Set down, exactly and only, everything from the line containing "Skills Bank" down to the line containing "MOMOPIPI_20260328125724" in the data below; the pictures are not part of the copy.

ENTRIES SHOWN -
▽

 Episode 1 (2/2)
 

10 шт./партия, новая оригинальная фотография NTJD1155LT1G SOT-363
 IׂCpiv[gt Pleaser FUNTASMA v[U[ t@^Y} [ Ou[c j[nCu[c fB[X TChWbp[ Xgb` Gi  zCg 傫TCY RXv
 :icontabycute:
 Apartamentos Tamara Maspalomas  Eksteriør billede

△
▽

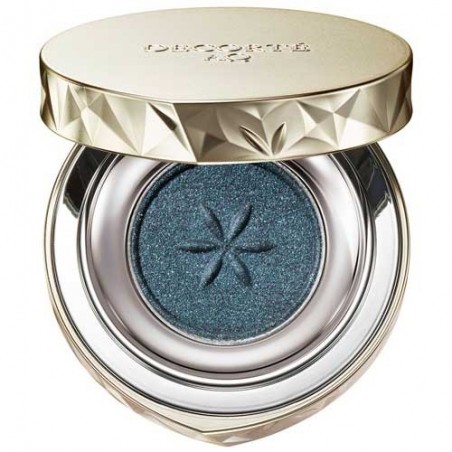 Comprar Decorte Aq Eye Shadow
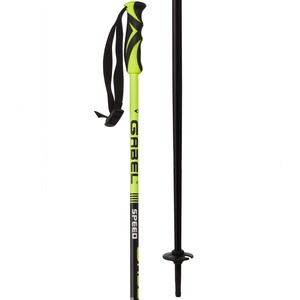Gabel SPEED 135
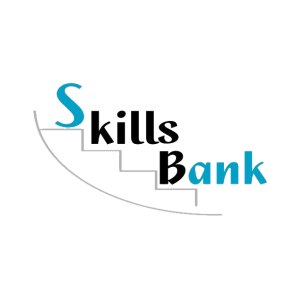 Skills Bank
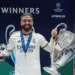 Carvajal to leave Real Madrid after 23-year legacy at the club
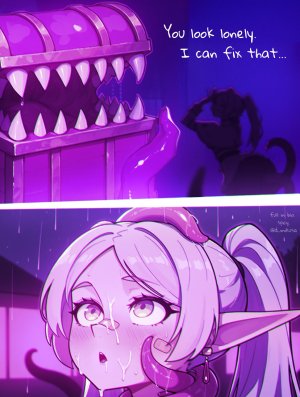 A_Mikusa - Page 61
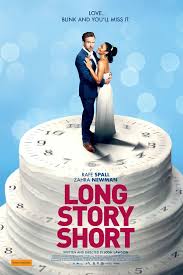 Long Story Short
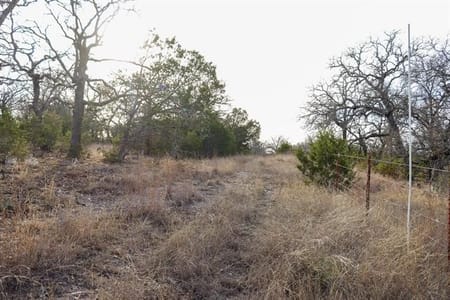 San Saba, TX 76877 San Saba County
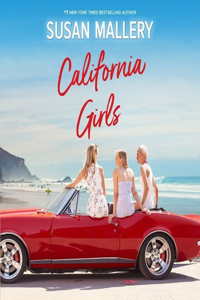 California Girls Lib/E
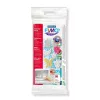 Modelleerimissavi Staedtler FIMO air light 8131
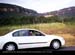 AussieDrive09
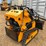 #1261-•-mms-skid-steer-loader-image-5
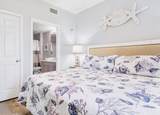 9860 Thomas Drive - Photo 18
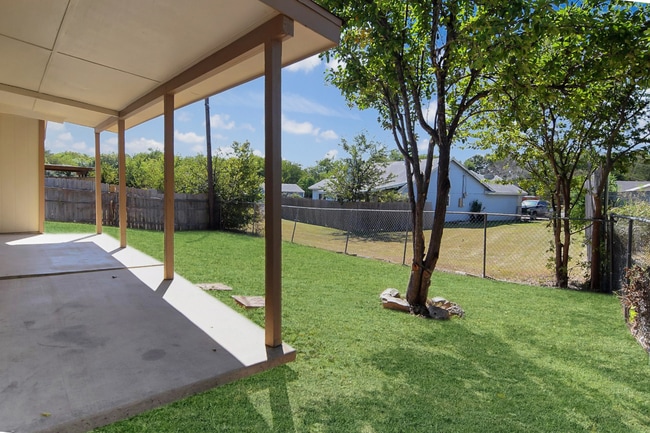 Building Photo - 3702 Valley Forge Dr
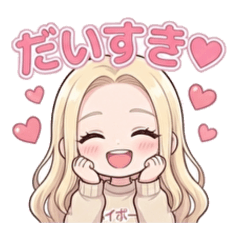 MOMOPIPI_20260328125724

△
▽

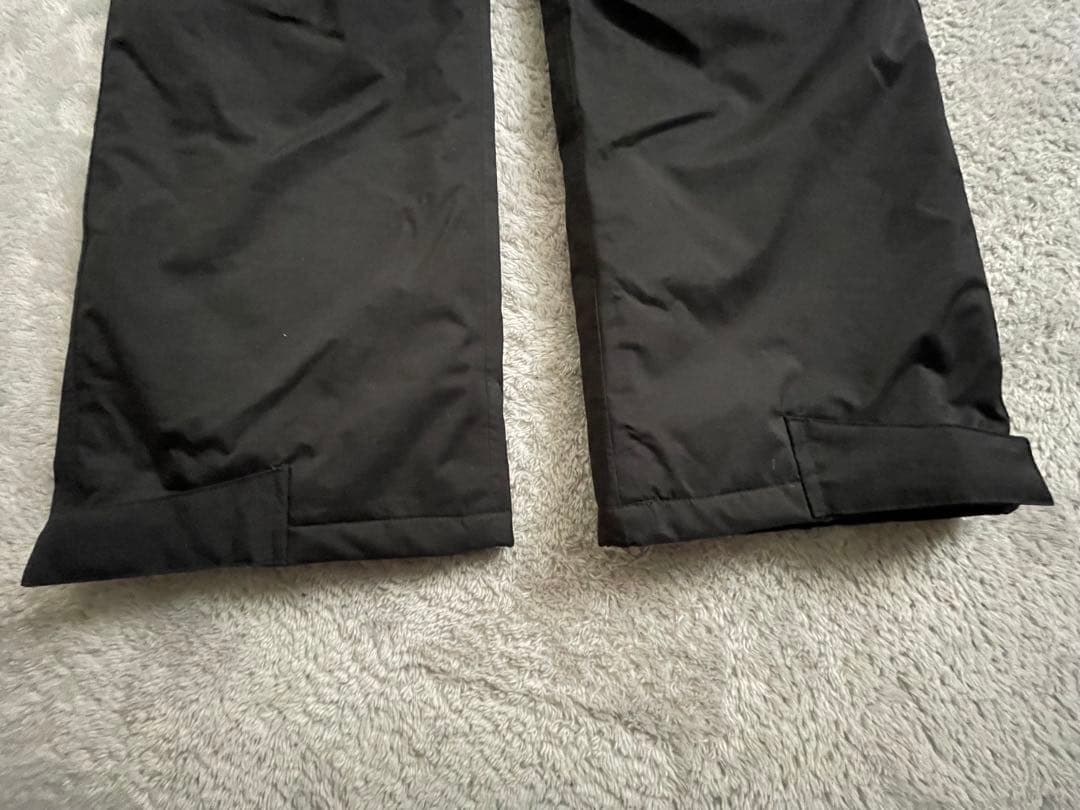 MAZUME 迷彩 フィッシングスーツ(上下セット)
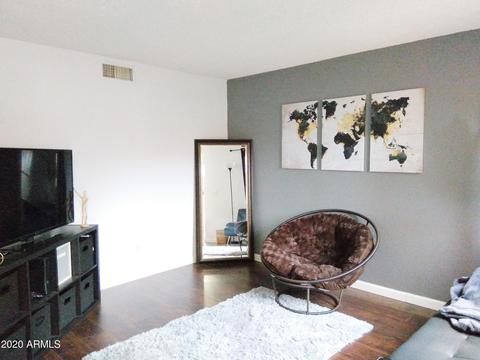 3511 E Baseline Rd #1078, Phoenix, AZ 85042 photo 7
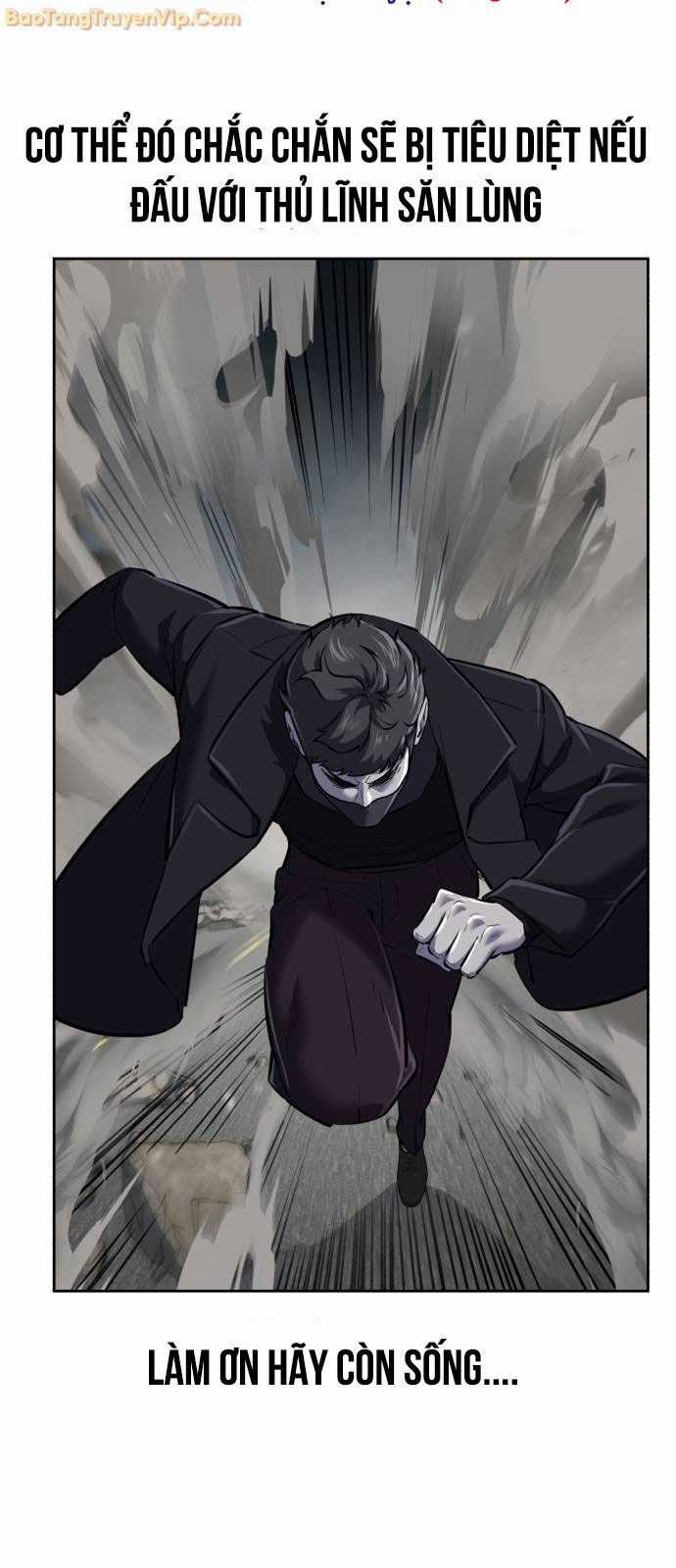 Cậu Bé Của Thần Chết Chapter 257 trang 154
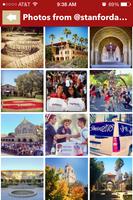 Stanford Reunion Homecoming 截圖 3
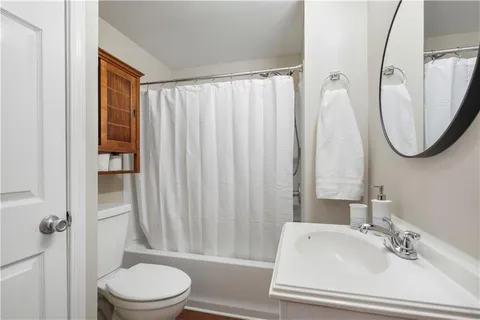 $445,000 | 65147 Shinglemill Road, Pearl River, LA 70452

△

COMPLETED TASK -
 Skills Bank
 Carvajal to leave Real Madrid after 23-year legacy at the club
 A_Mikusa - Page 61
 Long Story Short
 San Saba, TX 76877 San Saba County
 California Girls Lib/E
 Modelleerimissavi Staedtler FIMO air light 8131
 AussieDrive09
 #1261-•-mms-skid-steer-loader-image-5
 9860 Thomas Drive - Photo 18
 Building Photo - 3702 Valley Forge Dr
 MOMOPIPI_20260328125724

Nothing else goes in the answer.